44. Disudut kota

305 37 4
                                    

Jam berapa kalian baca part ini?:<

Btw, apa warna kesukaan kalian?

Nungguin kisah selanjutnya gak nih?ᕙ(  • ‿ •  )ᕗ

Happy Reading-💗!!

•°•°•°•

Bukannya tidak mampu melupakan, melainkan hanya 'belum mampu melupakan'

•°•°•°•

Ara POV...

Sesampainya di rumah, aku membuka pintu utama dengan mengucapkan salam. Entah siapa yang ada di ruang tengah, tapi kedengarannya banyak suara yang bersautan untuk bercakap.

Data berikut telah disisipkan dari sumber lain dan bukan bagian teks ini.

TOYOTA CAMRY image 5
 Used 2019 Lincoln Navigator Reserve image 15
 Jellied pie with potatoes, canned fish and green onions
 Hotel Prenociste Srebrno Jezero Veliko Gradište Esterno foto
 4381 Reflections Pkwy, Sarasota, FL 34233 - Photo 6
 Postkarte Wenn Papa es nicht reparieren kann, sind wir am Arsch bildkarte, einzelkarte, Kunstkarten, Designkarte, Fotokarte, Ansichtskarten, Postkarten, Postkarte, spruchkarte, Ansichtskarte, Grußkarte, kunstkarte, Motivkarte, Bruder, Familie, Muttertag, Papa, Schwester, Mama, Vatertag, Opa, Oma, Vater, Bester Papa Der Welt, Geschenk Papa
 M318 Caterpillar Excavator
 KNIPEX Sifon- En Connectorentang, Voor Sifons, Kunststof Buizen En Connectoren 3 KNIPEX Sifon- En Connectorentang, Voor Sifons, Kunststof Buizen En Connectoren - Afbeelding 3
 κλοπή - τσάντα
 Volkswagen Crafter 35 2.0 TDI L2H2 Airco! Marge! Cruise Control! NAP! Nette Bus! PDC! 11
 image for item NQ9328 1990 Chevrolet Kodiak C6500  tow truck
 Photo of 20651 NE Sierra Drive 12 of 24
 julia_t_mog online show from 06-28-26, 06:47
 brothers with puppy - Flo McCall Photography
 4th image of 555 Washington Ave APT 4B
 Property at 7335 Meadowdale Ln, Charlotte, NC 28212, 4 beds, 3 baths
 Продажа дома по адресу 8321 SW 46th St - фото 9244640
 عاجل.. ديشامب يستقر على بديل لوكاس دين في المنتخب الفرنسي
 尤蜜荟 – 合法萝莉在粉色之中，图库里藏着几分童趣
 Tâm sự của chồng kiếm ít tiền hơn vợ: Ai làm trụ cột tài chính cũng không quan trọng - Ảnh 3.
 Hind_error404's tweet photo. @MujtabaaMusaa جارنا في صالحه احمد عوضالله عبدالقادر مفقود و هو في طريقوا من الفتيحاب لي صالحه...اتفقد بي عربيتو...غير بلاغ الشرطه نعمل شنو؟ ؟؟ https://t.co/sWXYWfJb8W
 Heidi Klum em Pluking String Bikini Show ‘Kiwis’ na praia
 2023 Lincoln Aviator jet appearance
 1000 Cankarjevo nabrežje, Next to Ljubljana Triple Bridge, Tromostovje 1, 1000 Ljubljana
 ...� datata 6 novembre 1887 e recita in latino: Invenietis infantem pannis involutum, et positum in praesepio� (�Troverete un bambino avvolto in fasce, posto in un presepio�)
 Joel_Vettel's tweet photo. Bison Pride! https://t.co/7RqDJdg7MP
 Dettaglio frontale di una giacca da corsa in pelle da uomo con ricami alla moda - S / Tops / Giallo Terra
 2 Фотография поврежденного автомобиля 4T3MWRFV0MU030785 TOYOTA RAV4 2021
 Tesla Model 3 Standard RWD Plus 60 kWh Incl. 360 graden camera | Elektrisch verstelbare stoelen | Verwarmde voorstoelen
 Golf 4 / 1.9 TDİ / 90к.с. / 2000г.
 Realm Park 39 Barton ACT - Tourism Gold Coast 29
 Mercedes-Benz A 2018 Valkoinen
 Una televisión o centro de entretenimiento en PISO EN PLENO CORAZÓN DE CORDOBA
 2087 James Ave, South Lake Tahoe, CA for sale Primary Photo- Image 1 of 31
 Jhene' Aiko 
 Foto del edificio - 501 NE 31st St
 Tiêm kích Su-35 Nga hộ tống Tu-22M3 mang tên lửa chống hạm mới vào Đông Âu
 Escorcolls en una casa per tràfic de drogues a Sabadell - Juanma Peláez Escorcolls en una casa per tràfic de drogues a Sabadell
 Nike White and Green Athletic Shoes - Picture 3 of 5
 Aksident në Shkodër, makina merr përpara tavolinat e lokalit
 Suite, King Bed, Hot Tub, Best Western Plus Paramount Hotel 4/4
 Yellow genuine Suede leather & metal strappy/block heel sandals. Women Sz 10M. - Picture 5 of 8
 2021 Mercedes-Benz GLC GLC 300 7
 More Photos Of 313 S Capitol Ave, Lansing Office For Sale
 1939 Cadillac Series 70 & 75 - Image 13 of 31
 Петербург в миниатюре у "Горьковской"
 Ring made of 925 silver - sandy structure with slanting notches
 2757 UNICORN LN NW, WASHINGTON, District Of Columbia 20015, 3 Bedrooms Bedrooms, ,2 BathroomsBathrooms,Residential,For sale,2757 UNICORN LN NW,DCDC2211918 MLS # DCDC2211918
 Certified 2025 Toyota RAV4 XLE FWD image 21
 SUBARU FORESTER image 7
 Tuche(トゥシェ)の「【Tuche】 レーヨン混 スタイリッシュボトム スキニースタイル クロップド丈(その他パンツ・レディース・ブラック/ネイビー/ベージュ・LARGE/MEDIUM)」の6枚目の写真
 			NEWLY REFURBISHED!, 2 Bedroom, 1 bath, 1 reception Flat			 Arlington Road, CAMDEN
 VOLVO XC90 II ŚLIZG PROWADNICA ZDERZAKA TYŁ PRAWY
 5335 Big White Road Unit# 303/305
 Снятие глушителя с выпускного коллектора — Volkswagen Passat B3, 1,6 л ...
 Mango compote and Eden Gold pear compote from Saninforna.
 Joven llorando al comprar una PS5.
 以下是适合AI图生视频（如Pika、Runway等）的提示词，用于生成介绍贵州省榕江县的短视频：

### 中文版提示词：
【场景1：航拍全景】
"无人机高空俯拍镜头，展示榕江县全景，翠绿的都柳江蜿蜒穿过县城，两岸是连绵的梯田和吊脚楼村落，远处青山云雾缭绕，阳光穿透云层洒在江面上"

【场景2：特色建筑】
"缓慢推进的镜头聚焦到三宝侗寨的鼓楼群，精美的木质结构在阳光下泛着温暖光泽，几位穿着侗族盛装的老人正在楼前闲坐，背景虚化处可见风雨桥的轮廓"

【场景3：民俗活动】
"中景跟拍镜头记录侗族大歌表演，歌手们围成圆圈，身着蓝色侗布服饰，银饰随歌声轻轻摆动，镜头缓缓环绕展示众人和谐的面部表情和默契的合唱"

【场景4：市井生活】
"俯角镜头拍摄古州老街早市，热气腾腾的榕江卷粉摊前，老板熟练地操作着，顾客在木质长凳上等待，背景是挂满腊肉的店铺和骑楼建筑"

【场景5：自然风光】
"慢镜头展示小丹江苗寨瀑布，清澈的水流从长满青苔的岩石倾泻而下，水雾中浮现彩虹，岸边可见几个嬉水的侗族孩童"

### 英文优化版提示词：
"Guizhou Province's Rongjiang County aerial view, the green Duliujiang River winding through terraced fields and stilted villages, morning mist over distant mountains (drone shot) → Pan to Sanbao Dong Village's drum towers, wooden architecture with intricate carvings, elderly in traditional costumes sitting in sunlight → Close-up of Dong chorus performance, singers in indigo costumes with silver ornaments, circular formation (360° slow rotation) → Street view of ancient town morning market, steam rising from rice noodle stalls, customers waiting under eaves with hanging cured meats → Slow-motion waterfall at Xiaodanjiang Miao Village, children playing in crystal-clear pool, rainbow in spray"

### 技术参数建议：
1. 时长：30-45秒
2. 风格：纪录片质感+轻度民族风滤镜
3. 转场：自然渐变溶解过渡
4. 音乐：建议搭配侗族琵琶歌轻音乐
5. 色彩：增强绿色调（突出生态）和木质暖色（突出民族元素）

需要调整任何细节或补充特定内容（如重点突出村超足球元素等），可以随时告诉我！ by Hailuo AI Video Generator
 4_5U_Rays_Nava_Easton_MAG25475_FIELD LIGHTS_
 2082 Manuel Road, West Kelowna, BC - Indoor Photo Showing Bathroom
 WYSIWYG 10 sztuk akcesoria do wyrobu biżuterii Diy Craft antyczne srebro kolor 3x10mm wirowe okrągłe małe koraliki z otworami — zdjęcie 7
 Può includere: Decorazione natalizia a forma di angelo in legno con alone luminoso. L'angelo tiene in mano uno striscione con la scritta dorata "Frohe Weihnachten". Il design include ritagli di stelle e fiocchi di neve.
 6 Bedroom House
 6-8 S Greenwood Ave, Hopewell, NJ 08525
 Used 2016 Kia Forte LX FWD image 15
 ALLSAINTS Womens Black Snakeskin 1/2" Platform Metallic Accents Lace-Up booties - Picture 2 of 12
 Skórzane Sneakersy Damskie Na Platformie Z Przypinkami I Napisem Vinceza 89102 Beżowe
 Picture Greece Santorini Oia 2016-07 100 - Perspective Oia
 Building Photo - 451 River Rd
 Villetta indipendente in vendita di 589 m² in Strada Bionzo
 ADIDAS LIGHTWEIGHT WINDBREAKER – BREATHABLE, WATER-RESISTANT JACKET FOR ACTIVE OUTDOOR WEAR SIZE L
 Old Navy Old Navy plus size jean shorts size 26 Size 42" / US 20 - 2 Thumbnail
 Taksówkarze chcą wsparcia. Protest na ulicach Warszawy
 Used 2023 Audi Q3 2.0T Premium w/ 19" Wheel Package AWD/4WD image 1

Langkahku terhenti ketika beberapa orang yang ada diruang tengah memandangku dengan tatapan menusuk.

Disini ada om Adam-- Kakak dari papa, Tante Rani, dan Arkilla, Tante Sania-- Adik Papa, Seno-- Kakekku, Putra-- Kakak Arkilla, Dinda dan Dani-- Istri dan anak dari bang Putra, Nella dan Putri-- Anak Tante Sania. Darren-- Suami almarhumah Bibi Kia. Dan Nenek.

Aku mengalihkan pandanganku dari mereka tanpa mengeluarkan senyuman, dan melewati mereka begitu saja.

"Liat, Sa. Anak kamu itu memang gak ada sopan santunnya, gak mau nyalamin yang lebih tua," cibir om Adam. Om Adam ini memang sejak kasus meninggalnya Arya tak suka padaku.

Tapi apa peduliku? Aku tidak keberatan sama sekali akan hal itu, sifat om Adam dan Arkilla bisa dikatakan berbanding terbalik dengan sifat Tante Rani.

"Ara, kamu gak liat ada semua keluarga kamu disini?" Papa menghentikan langkahku, membuatku mengangkat sebelah alisku seraya berbalik badan.

Aku menatap satu persatu makhluk didepanku ini, rasa tak suka ku pada Arkilla makin menjadi kala itu.

"Sopan dikit dong, jangan mentang-mentang tuan rumah jadi belagu gitu," Arkilla mengeluarkan senyuman smirk khas-nya.

"Perlu banget gue sapa lo? Jangan mentang-mentang usia lo lebih tua dari gue, lo bisa seenaknya ngatur gue," balasku dengan nada yang masih tenang.

Aku mendekat pada Tante Rani. Aku mencium punggung tangan milik wanita itu, ia membalasnya dengan mengusap rambutku.

Kini giliran aku menyalami om Adam, aku sudah mengulurkan tanganku, namun om Adam enggan bersalaman denganku.

Semua orang sepertinya sudah kusalami.

"Kamu yang sopan sedikit sama Arkilla, dia kakak sepupu kamu," papa menekan kata-katanya, dan terdengar agak membentak dalam Indra pendengaranku.

Arkilla menyeruput es kopinya, lalu kembali meletakkan cangkir itu ke meja.

Sombong sekali lagaknya, lihat saja. Ia berlagak layaknya ratu dirumah ini, melihat sekeliling dan menguap tanpa menutup mulutnya.

Gila, bau jigongnya menyebar ke seluruh ruangan!

Aku hendak berlalu lagi dan meninggalkan orang-orang itu, namun aku berbalik dan bertanya pada papa. "Pa, Bang Dito kemana?"

Papa tampak tak menggubris ucapan ku, aku juga biasa saja, setelahnya aku berjalan menaiki tangga untuk menuju ke kamarku.

Terdengar sayup-sayup suara dari bawah, samar-samar aku mendengar om Adam dan Arkilla sedang menginjak-injak reputasi ku.